The model only takes a single part of the music into account, and models the music using a single Hidden Markov Model. The observation states are tuples of the pitch and duration of the notes.
This model again only takes a single part of the music into account. However, it models the music using two independent Hidden Markov Models, one for the pitch and one for the duration of the notes. This effectively assumes that the pitch and duration of the notes are independent of each other, which, while not necessarily the most useful assumption, drastically reduces the number of unique observation states in the underlying HMMs.
This model takes all parts of the music into account, but makes the naive assumption that each part of the music is independent of all other parts. This is done by creating a separate Hidden Markov Model for each part of the music. A before, the observation states for each HMM are tuples of the pitch and duration of the notes.
This model is an extension of the Naive MusicHMM, but models the pitch and duration of the notes independently of each other as was done in the Simple Independent model. This is done by creating two separate Hidden Markov Models for each part of the music, one for the pitch and one for the duration of the notes. This results in a total of 8 different HMMs for the Bach chorales corpus.

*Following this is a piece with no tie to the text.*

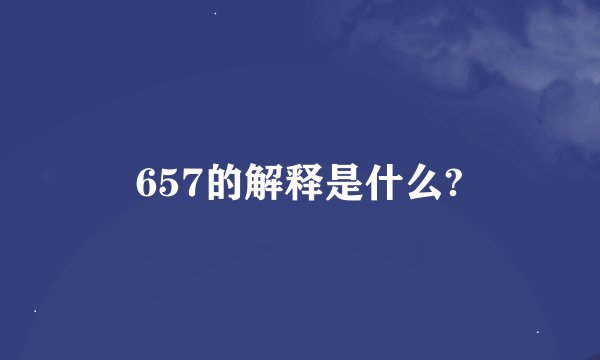 657的解释是什么?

This final model is the most complex of the models. It takes all parts of the music into account, as the naive models do; however, it attempts to introduce conditional dependencies into the model between the bass pitches and other parts of the music. This is done by including the concurrent bass pitch into the state of the other parts of the music. During generation, the model will sample the bass pitch first, and then sample the other parts of the music conditioned on the bass pitch. In order to reduce the number of unique observation states, the model again assumes that the pitch and duration of the notes are independent of each other, resulting in a total of 8 different HMMs for the Bach chorales corpus.
Music sampled from each of the models can be found in the generated_songs
directory. The music was generated by sampling 30 notes from each HMM, and then truncating each song to the length of its shortest part. The music was then converted to MIDI format using the music21 python package.
Despite attempting to incorporate dependencies into the final model, the music generated by the Conditional MusicHMM still contains a lot of discordant notes. This is likely due to the fact that while the model captures dependencies between the bass and other parts of the music, it does not capture dependencies between the other parts of the music. This is a limitation of the model that could be addressed in future work.